**YOUR OBJECTIVE:**
Pictures stay out of the copy; set down each line of the listing below exactly.

**PROVIDED DATA:**

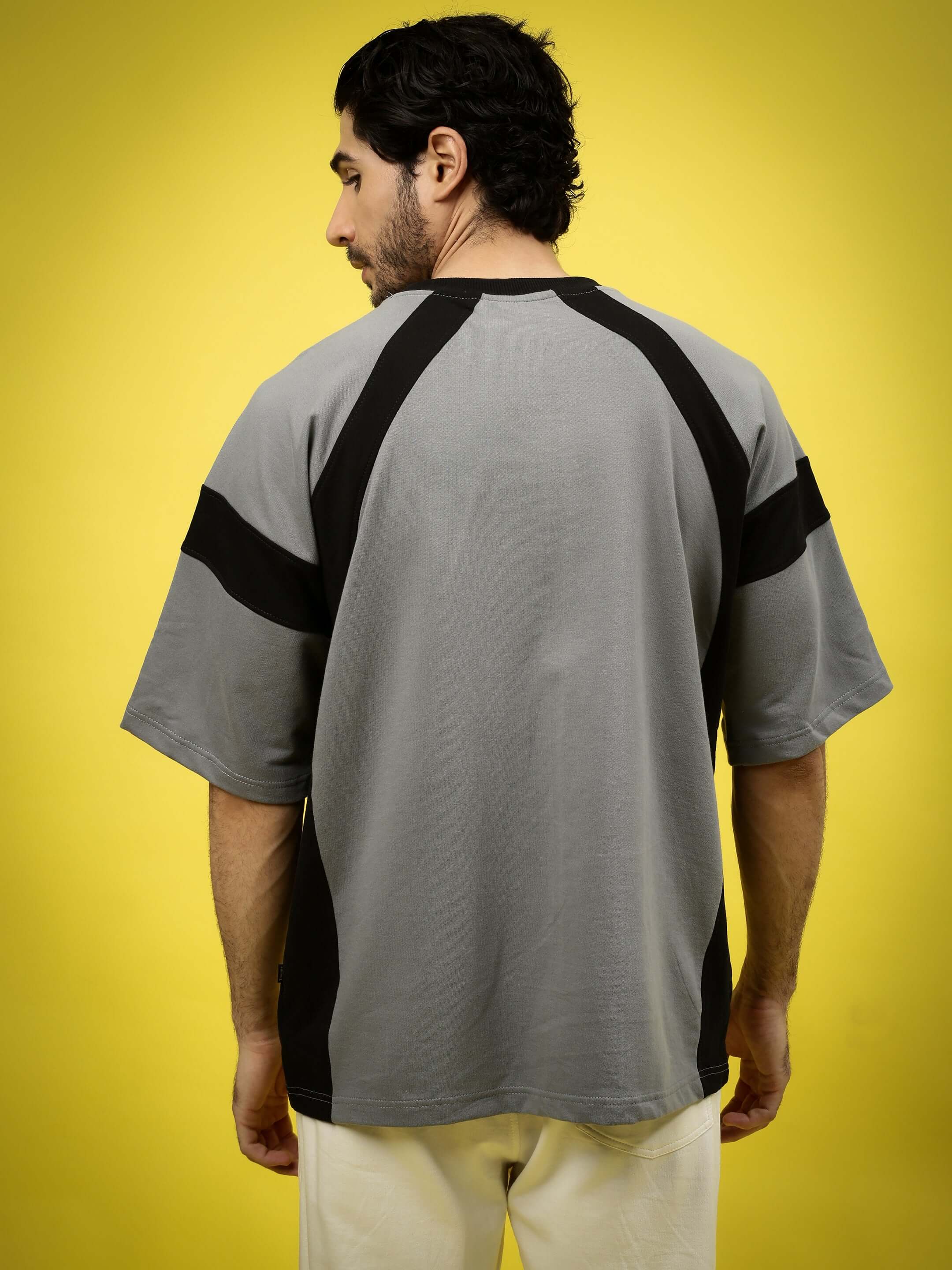 Model wearing a TURBO OVER-SIZED T-SHIRT SLATE GREY made of premium heavy gauge fabric with black accents on a yellow background.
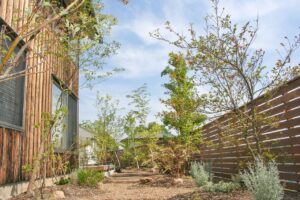 緑の植物と木製のフェンス、木の壁が印象的なお家の庭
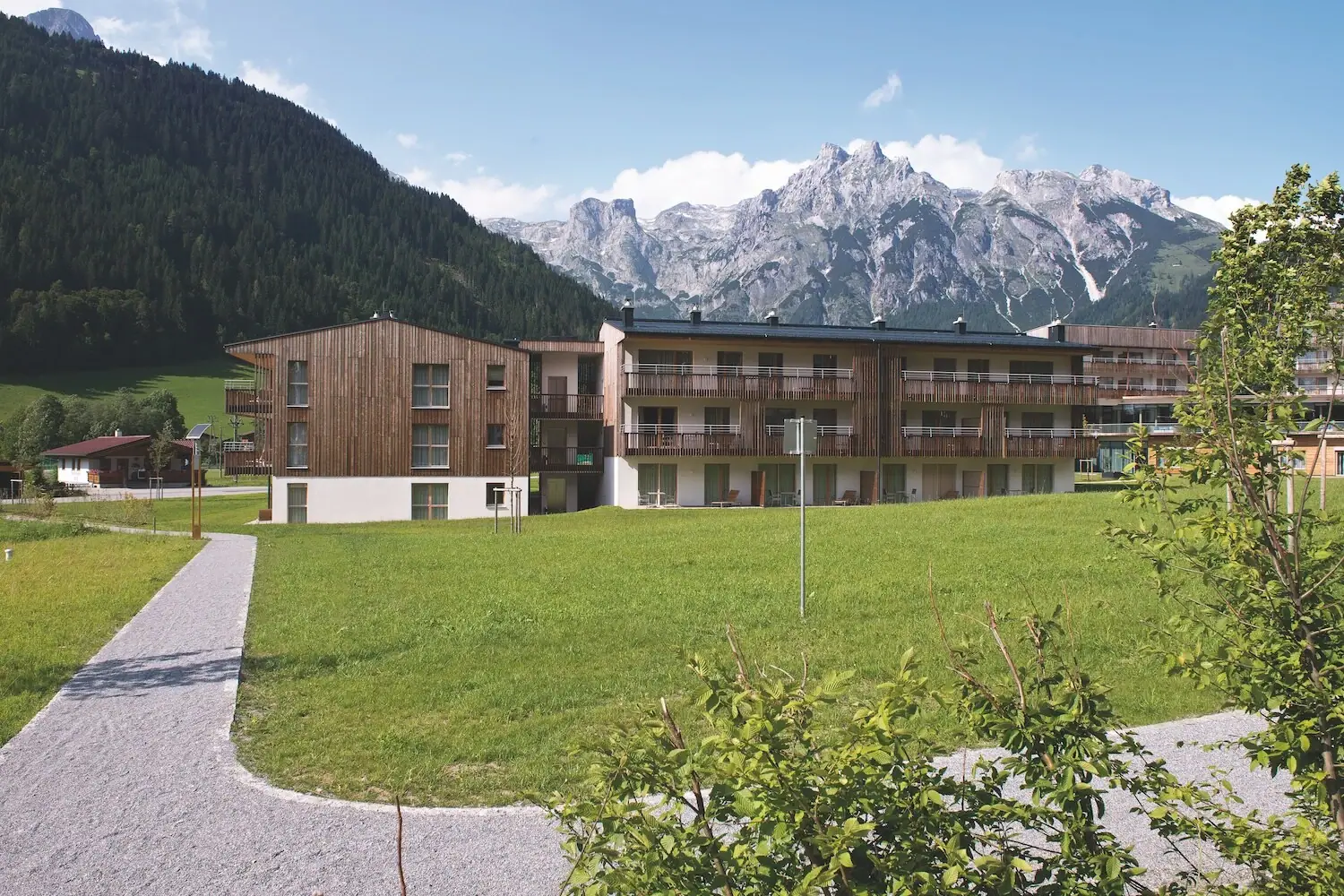 A building with a lawn and mountains in the background.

**WORKED SOLUTION:**
 Model wearing a TURBO OVER-SIZED T-SHIRT SLATE GREY made of premium heavy gauge fabric with black accents on a yellow background.
 緑の植物と木製のフェンス、木の壁が印象的なお家の庭
 A building with a lawn and mountains in the background.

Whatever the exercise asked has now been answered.